Learn how to add and subtract Functions by finding and combining like terms.

## Step by step guide to Adding and Subtracting Functions

- Just like we can add and subtract numbers, we can add and subtract functions. For example, if we had functions \(f(x) \) and \(g(x)\), we could create two new functions: \((f + g)(x)\) and \((f – g)(x)\).
- When functions contain polynomials, find the like terms and combine them to add or subtract functions.
- When evaluating functions, substitute the value of the input and find the value of the function.

### Example 1:

\(g(a)=a-1, f(a)=a+5\), Find: \((g+f)(-1)\)

**Solution:**

\((g+f)(a)=g(a)+f(a), Then: (g+f)(a)=a-1+a+5=2a+4\)

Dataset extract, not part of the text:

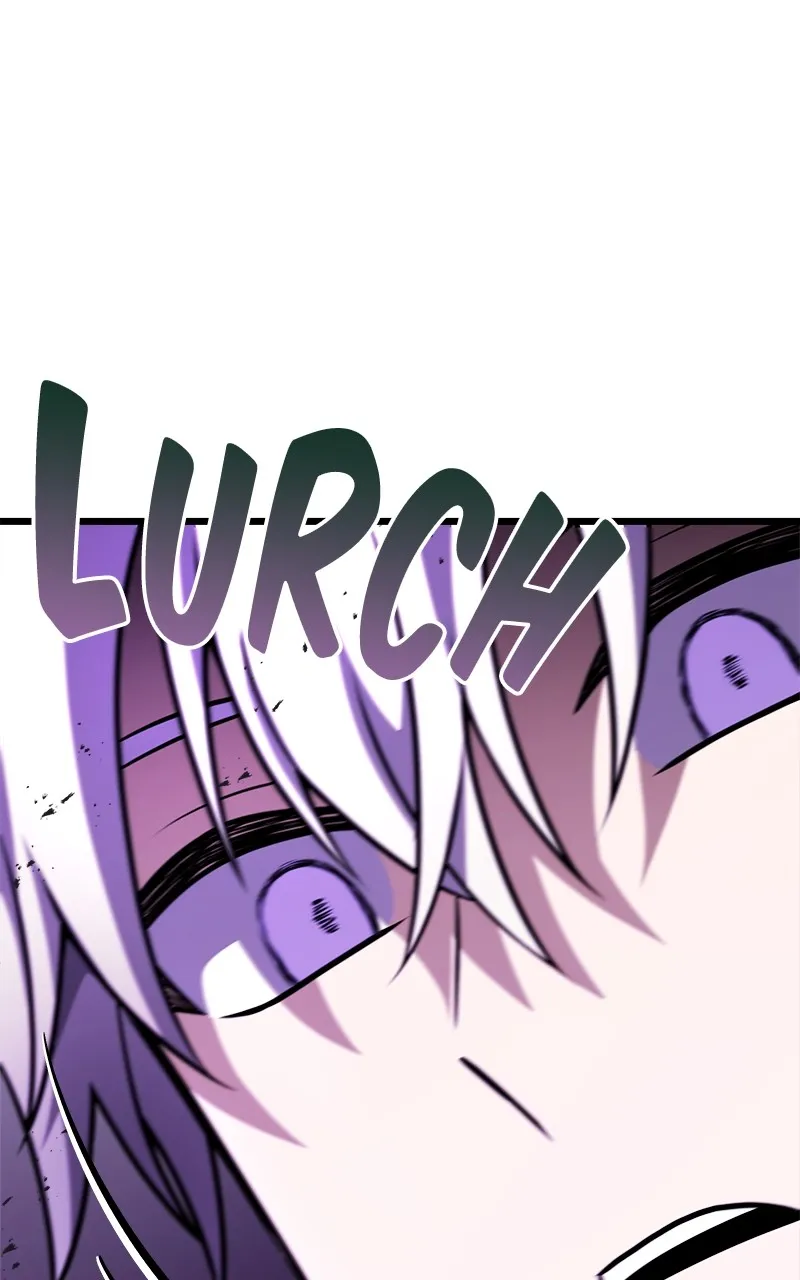 Time-Limited Genius Dark Knight Chapter 21 page 126 -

Substitute \(a \) with \(-1: (g+f)(a)=2a+4=2(-1)+4=-2+4=2 \)

### Example 2:

\(f(x)=3x-3, g(x)=x-5\), Find: \((f-g)(3)\)

**Solution:**

\((f-g)(x)=f(x)-g(x), then: (f-g)(x)=3x-3-(x-5)=3x-3-x+5

=2x+2\)

Substitute \(x\) with \(3: (f-g)(1)=2(3)+2=8\)

### Example 3:

\(f(x)=2x+4, g(x)=x+3\), Find: \((f-g)(1)\)

**Solution:**

\((f-g)(x)=f(x)-g(x)\), then: \((f-g)(x)=2x+4-(x+3)

=2x+4-x-3=x+1 \)

Substitute \(x\) with \(1: (f-g)(1)=1+1=2\)

### Example 4:

\(g(a)=2a-1, f(a)=-a-4\), Find: \((g+f)(-1)\)

**Solution:**

\((g+f)(a)=g(a)+f(a), Then: (g+f)(a)=2a-1-a-4=a-5\)

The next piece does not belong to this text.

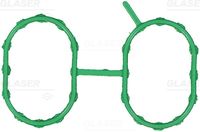 Dichtung, Ansaugkrümmer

Substitute \(a \) with \(-1: (g+f)(a)=a-5=-1-5=-6 \)

## Exercises

### Perform the indicated operation.

- \(\color{blue}{h(t) = 2t + 1, \\ g(t) = 2t + 2, \\ Find \ (h – g)(t)} \\\ \)
- \(\color{blue}{g(a) = – 3a – 3, \\ f(a) = a^2 + 5, \\ Find \ (g – f)(a)} \\\ \)
- \(\color{blue}{g(x) = 2x – 5, \\ h(x) = 4x + 5, \\ Find \ g(3) – h(3)} \\\ \)
- \(\color{blue}{h(3) = 3x + 3, \\ g(x) = – 4x + 1, \\ Find \ (h + g)(10)} \\\ \)
- \(\color{blue}{f(x) = 4x – 3, \\ g(x) = x^3 + 2x, \\ Find \ (f – g)(4)} \\\ \)
- \(\color{blue}{h(n) = 4n + 5, \\ g(n) = 3n + 4, \\ Find \ (h – g)(n)}\)

### Download Adding and Subtracting Functions Worksheet

- \(\color{blue}{-1}\)
- \(\color{blue}{–a^2 – 3a – 8}\)
- \(\color{blue}{-16}\)
- \(\color{blue}{-6}\)
- \(\color{blue}{-59}\)
- \(\color{blue}{n+1}\)